Best practice 10.4 – Partition your data to enable efficient data pruning and reduce unnecessary file reads

Storing your data in structured partitions will allow compute to identify the location of only that portion of the data relevant to the query. Determine the most frequent query parameters and store this data in the appropriate location suited to your data retrieval needs. For example, if an analytics workload regularly generates daily, weekly, and monthly reports, then store your data using partitions with a year/month/day format.

Suggestion 10.4.1 – Partition data to support the most common query predicates

When your query uses a particular predicate in a WHERE clause, if your data is partitioned according to the field then the query engine can prune the data that it needs to look at and go directly to the relevant data partition. This means a full table scan is avoided, meaning faster performance and lower query cost.

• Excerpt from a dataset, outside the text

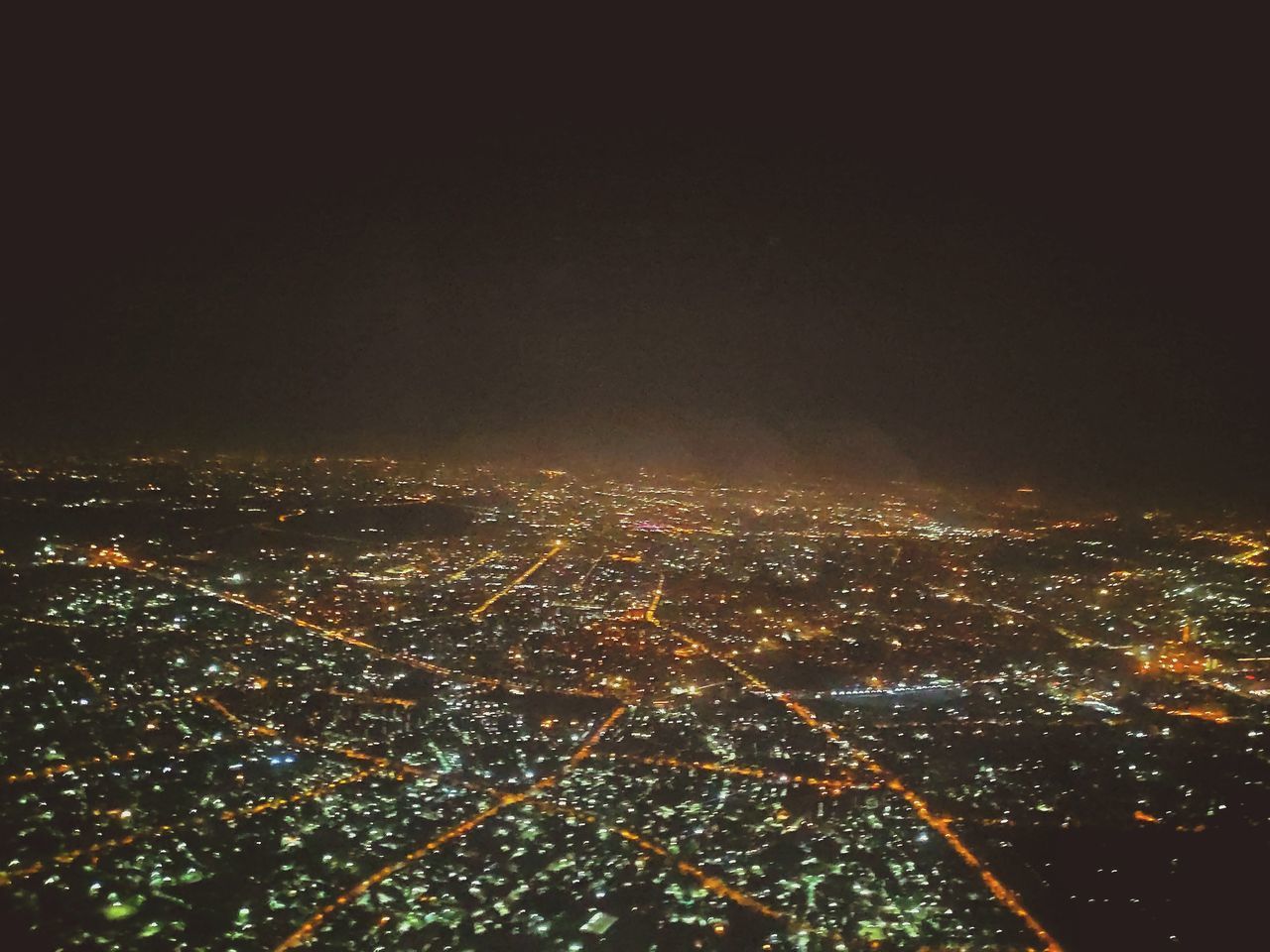 HIGH ANGLE VIEW OF ILLUMINATED BUILDINGS IN CITY AGAINST SKY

Suggestion 10.4.2 – Store data partitioned based on time attributes with earlier data stored in tiers that are accessed infrequently

Use the tiering capabilities of the storage service to put infrequently-accessed data into the tier that is most appropriate for the workload. For example, in an Amazon Redshift data warehouse, data that is accessed infrequently can be stored in Amazon S3. Then you can query it with Amazon Redshift Spectrum, while more frequently-accessed data can be stored in local Amazon Redshift storage.